- Born: Florence Spurgeon November 6, 1911 Philadelphia, Pennsylvania, US
- Died: February 8, 2007 (aged 95) Boca Raton, Florida, US
- Occupations: Inventor, businesswoman.
- Years active: 1947–2007
- Known for: Dearfoams slippers
- Spouses: ; Aaron Zacks ​ ​(m. 1930; died 1965)​ ; Samuel Mendel Melton ​ ​(m. 1968; died 1993)​
- Children: 2 (including Gordon Zacks)

= Florence Melton =

American inventor (1911–2007)

Florence Zacks Melton (November 6, 1911 – February 8, 2007) was an American inventor known for innovating the foam-soled and washable slipper.

==Early life==
Melton was born Florence to Meir and Rebecca Spurgeon in Philadelphia.
Melton grew up in Philadelphia in an extremely poor family. Mostly under the care of her bubbie (grandmother) who encourage Jewish values and raised her. Music was a large part of Melton’s childhood which inspired her to study music, art, and ballet. She worked at a local Woolworth's from age 13 in order to support her family. She married her first husband, Aaron Zacks, when she was 19, and subsequently moved to Columbus, Ohio, where he worked as a merchandiser for a department store. Together they had two sons, Gordon and Barry.

==Career==

Florence Melton with Rabbi Jason Miller of Congregation Agudas Achim of Columbus, Ohio

Melton served on the board of United Way (then the Red Feather Agency) and with the Red Cross Nutrition Corps. In the 1970s, she became the first woman to serve on the board of the Huntington National Bank and was a founding member of CAJE (the Coalition for the Advancement of Jewish Education).

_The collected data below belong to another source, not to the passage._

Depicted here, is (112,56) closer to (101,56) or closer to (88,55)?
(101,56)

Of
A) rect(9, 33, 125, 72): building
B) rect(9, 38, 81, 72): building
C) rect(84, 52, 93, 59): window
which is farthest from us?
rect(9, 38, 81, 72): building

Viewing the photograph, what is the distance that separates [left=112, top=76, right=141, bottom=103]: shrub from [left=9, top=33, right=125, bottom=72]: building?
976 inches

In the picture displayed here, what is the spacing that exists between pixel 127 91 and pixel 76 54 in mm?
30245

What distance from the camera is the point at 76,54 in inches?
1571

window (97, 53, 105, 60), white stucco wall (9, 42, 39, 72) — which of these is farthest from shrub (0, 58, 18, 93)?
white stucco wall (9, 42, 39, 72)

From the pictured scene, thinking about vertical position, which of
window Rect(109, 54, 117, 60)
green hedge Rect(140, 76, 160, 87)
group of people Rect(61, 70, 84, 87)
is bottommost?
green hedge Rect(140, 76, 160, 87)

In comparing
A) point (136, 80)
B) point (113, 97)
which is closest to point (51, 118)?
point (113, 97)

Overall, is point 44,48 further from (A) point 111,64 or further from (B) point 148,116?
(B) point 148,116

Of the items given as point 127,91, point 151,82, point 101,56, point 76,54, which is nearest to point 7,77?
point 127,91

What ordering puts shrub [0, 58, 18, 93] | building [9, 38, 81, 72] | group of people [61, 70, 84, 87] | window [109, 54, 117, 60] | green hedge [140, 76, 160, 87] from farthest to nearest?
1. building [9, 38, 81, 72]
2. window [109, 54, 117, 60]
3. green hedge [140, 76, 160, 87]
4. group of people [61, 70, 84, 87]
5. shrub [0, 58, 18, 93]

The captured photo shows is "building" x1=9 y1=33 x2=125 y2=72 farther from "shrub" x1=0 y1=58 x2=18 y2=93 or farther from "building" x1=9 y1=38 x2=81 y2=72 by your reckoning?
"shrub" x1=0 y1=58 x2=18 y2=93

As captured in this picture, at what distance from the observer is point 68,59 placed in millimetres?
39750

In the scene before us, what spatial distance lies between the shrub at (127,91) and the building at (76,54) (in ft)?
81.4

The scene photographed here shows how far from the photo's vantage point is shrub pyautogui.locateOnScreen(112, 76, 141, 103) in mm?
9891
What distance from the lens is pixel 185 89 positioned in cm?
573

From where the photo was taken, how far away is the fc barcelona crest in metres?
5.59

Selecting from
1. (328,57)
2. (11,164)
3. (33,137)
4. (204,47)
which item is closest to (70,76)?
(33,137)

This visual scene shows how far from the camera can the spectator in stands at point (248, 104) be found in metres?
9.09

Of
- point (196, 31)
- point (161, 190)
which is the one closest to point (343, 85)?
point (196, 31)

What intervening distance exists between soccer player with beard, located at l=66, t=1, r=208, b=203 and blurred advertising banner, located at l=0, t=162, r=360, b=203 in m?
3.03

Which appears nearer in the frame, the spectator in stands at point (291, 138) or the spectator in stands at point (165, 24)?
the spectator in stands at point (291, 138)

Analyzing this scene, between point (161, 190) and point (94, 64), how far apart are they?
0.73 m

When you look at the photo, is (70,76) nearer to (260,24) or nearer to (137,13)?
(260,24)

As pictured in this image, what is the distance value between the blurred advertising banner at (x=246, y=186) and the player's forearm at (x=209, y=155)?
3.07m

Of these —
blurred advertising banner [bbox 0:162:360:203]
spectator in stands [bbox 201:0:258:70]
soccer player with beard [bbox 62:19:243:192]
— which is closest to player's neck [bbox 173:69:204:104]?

Melton co-founded the R.G. Barry Corporation in 1946 with Zacks. While investigating foam latex, a material invented as a helmet liner for World War II tank crewmen, as a possible material for her patented women's shoulder pad, she discovered that she could use the material to line slippers. This foam latex was then made into slippers, which were made with washable terrycloth or velour that came in a variety of colors. Each slipper was different, some had a slightly raised heel, some had backs, some had straps, open toes and some had tassels. The common denominator was that they all had the same foam-rubber insoles that were at least half an inch thick. Marketed first as Angel Treads and later as Dearfoams, Melton's slippers were an immediate success; according to the company more than 1 billion slippers have been sold.

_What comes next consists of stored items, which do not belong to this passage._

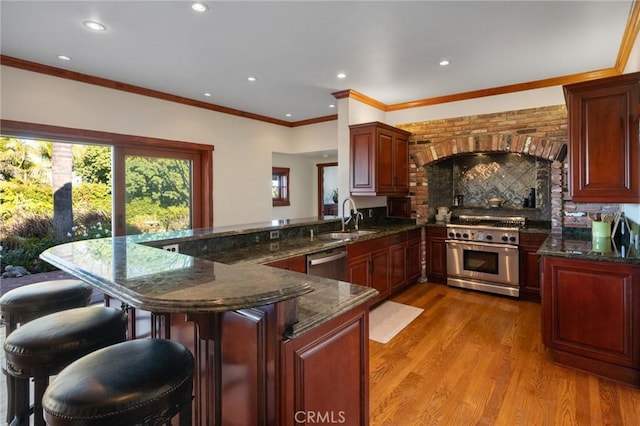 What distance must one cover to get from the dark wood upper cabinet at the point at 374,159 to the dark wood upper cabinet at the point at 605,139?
2069 millimetres

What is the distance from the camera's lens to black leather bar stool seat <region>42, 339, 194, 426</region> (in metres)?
0.94

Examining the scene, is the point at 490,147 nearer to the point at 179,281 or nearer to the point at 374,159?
the point at 374,159

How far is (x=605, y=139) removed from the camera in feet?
8.39

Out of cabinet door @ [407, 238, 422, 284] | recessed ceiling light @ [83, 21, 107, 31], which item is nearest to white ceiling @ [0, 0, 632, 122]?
recessed ceiling light @ [83, 21, 107, 31]

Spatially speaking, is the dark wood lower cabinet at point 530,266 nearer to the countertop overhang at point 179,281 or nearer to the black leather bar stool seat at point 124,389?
the countertop overhang at point 179,281

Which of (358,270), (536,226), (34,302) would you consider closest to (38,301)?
(34,302)

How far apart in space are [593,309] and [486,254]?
195 centimetres

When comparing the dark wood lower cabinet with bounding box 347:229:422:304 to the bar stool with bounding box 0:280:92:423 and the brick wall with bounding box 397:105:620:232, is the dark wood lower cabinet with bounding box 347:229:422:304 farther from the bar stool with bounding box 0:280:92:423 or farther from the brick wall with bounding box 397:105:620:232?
the bar stool with bounding box 0:280:92:423

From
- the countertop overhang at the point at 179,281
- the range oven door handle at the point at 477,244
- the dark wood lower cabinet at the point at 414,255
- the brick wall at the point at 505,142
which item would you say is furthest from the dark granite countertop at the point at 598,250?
the countertop overhang at the point at 179,281

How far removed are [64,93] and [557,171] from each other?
5.71 m

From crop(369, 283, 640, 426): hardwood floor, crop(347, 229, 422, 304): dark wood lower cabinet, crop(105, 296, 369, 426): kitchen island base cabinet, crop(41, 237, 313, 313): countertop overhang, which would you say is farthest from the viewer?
crop(347, 229, 422, 304): dark wood lower cabinet

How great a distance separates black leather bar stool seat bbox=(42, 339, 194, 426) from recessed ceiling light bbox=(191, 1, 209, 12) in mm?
2255

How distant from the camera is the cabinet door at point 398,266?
4.19m

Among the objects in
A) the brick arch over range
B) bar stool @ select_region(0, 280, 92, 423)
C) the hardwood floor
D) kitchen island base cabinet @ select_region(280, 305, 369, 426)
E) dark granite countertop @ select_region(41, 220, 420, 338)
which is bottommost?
the hardwood floor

The slippers were not Melton’s only successful idea. Melton realized that the women’s fashion of a military style led to wearing double-breasted suits with padded shoulder. In order to clean these, shoulder pads had to be removed, then sewn back in. Melton came up with Shoulda-Shams, a cotton-batting shoulder pad with an elastic tab that could be snapped to a bra strap - ending the need for sewing.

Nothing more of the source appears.